Artificial intelligence and technology serving agriculture in Saskatchewan

Jake Leguee, a farmer residing in Weyburn, Saskatchewan, is among those using an app to optimize their agricultural production.

The app, developed by an agricultural technology company in Saskatchewan, allows him to see exactly how much moisture is in the soil on the family farm he operates, at any time of the season.

Jake Leguee has installed half a dozen weather stations on his property. The stations track various factors that affect crops, such as air and soil temperature, humidity levels and wind.

It really changes the way we manage our crops and it makes us more environmentally sustainable.says Jake Leguee.

Jake Leguee operates a farm near Filmore, Saskatchewan, in the southwest of the province. His farm, established on approximately 14,500 hectares, cultivates cereals, oilseeds and legumes.

Photo: Courtesy of Jake Leguee

Saskatchewan at the heart of emerging agricultural technology

Jake Leguee says Canadian farmers have long strived to make their operations more efficient, including through the use of data. A willingness to learn, try and adopt new technologies is essential to this task, he says.

Saskatchewan has become a hub for emerging agricultural technology, according to several industry experts.

Sean O’Connor, managing director of Emmertech, a $60 million Conexus venture capital fund, discusses Saskatchewan farmers’ track record of adopting new technologies and supporting local start-ups.
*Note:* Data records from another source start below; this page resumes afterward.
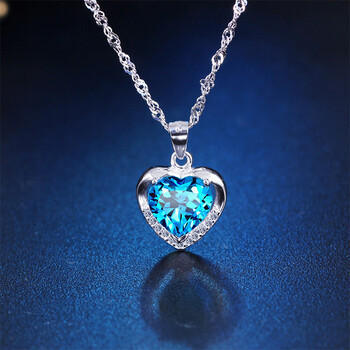 项链女925银粉晶紫晶托帕石简约学生心形吊坠日韩版配饰 需要其他款式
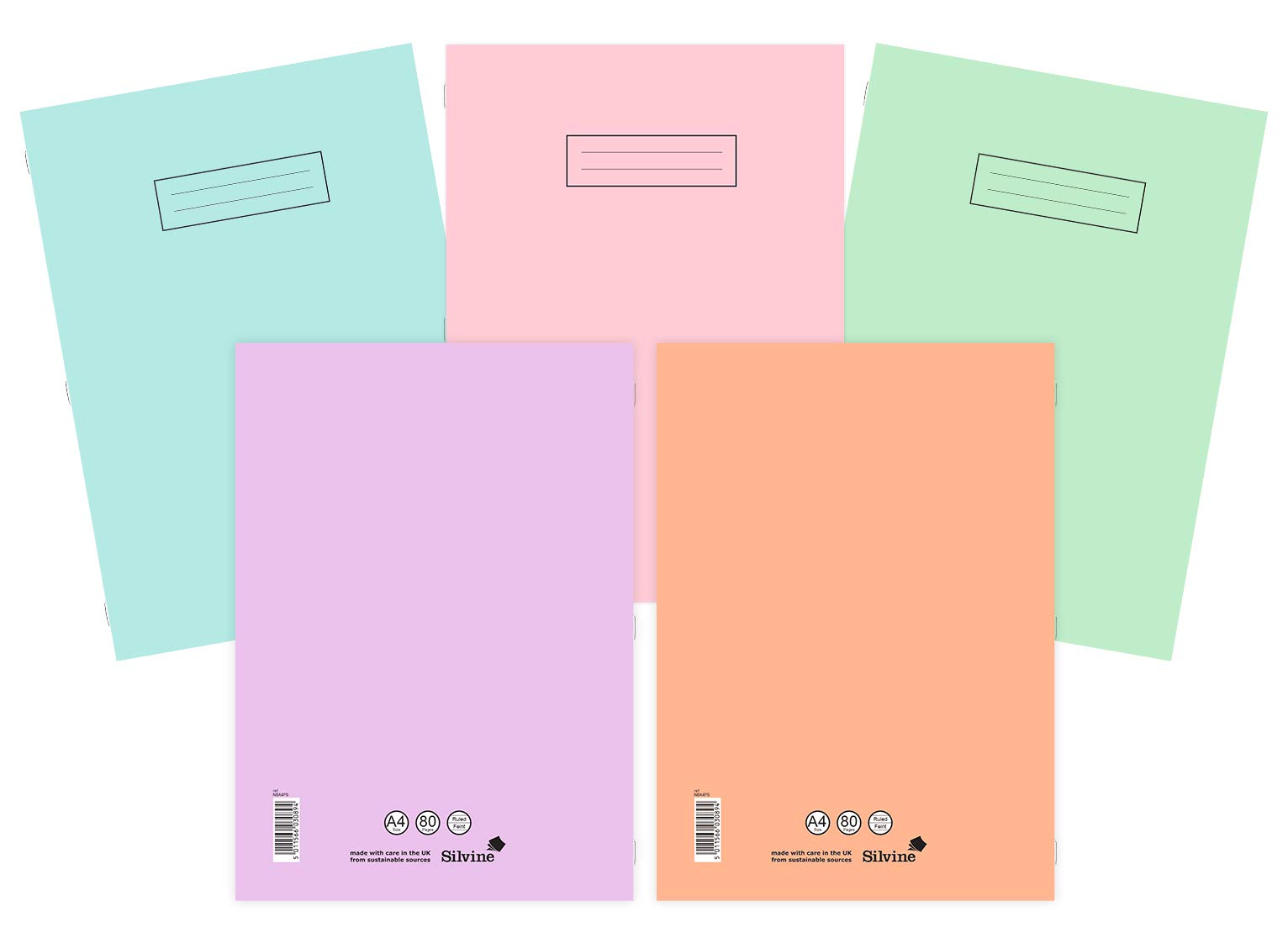 Silvine A4 Exercise Books Assorted Pastel Colours (Pack of 10)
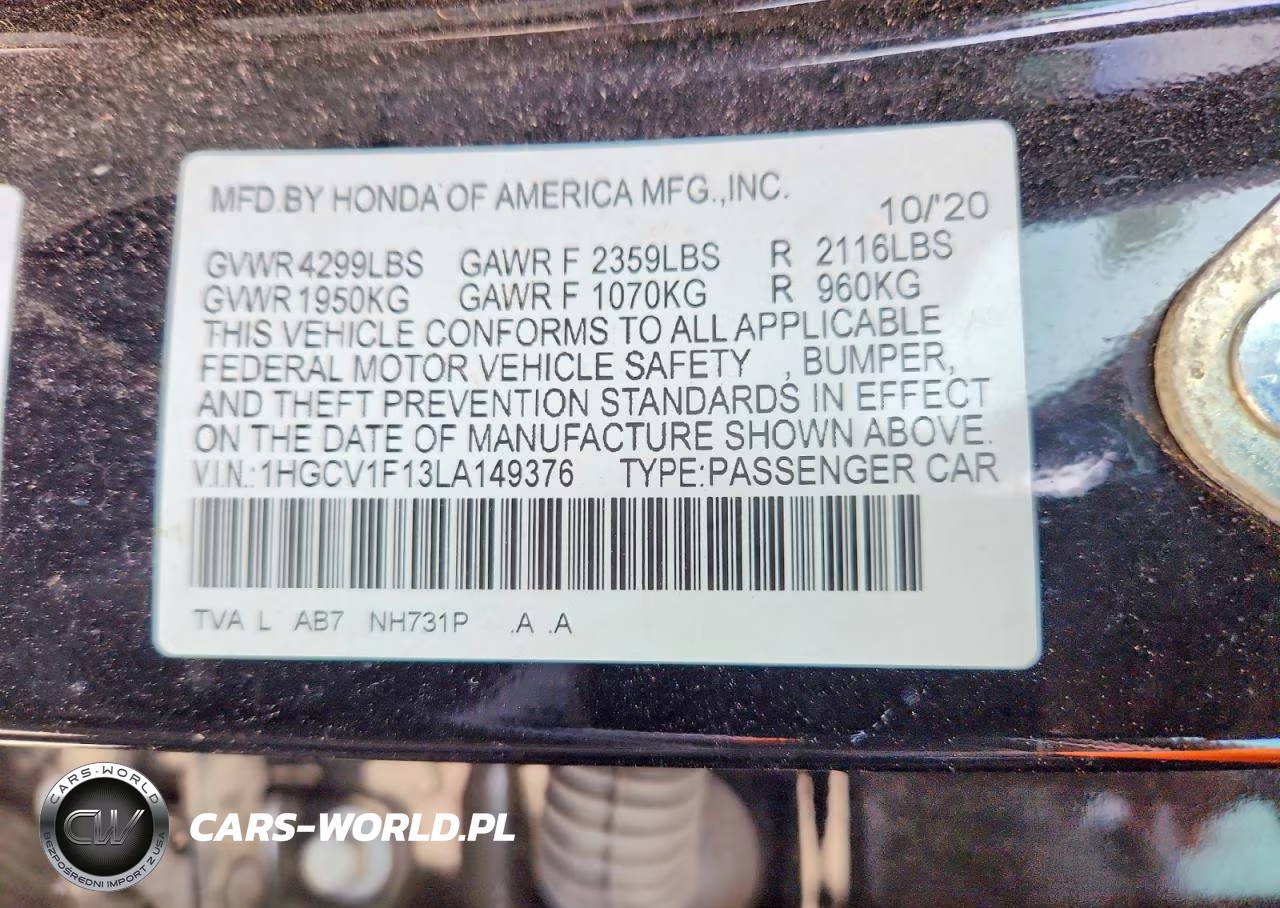2020 Honda Accord Lx VIN:1HGCV1F13LA149376 - 12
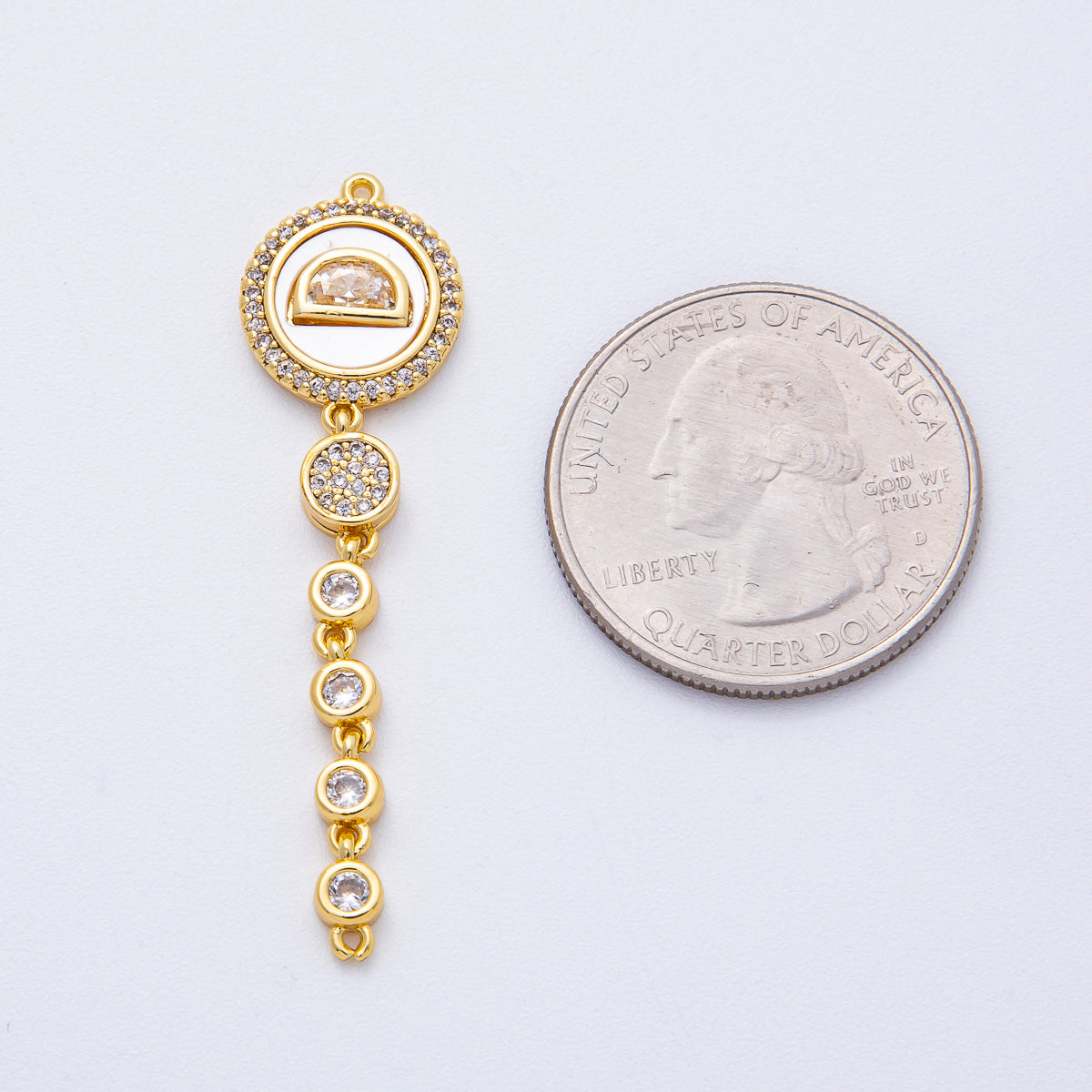 18K Gold Filled 47mm Shell Pearl Clear CZ Micro Paved Round Round Connector | Y172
Bay Street. Elles ont leur place dans les écosystèmes agricoles, où on interagit directement avec l’industrie elle-même”,”text”:”On ne peut pas créer des entreprises de technologie agricole sur Bay Street. Elles ont leur place dans les écosystèmes agricoles, où on interagit directement avec l’industrie elle-même”}}”>You can’t build agri-tech companies on Bay Street. They have their place in agricultural ecosystems, where we interact directly with the industry itself.he says.
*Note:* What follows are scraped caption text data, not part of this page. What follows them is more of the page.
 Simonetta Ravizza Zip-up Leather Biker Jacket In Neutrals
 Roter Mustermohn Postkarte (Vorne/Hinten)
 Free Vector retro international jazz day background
Farmers are, in our view, the most innovative business owners in Canada, and they are looking for new solutions. »

A quote from Sean O’Connor, CEO of Emmertech

Cory Willness, Founder of Croptimistic Technologya company that creates custom soil, water and topography (SWAT) maps for farmers, agrees.

In western Canada in general, there are a lot of farmers who are early innovators.

Croptimistic Technology founder, Cory Willness, with his wife and business partner, Shannon.

Croptimistic Technology Company creates custom soil, water and topography maps for farmers.

Photo: Courtesy of Croptimistic Technology

Croptimistic’s SWAT maps can help farmers determine exactly which parts of their fields need nutrients and which don’t, says Cory Willness. He estimates that this could result in around 15% more profit.

Like Croptimistic, other companies in Saskatchewan have developed technological tools to help farmers.

This is the case of the Réginoise company Precision AI, which specializes in the manufacture of drones equipped with artificial intelligence, dedicated to the selective watering of agricultural fields.

Ground Truth Aganother local company, has created technology that helps farmers analyze and record grain samples in real time to better assess crop quality.

Economic benefits for farmers

University of Saskatchewan professor Stuart Smyth says these technologies will save farmers money.

I tell my students that over the next decade the use of these digital technologies certainly has the potential to really revolutionize what farming looks like.explains the holder of the agri-food innovation research chair.

Saskatchewan has a favorable start-up ecosystem, thanks to the presence of major industry players, such as Brandt, AGT Foods and Protein Industries Canada.

Provincial economic and technology development agencies, such as Innovation Saskatchewan, prioritize agricultural technology.

One of the challenges is securing investment in this sector. It takes longer for technologies to be created and adopted, which means it takes longer for investors to see the benefits.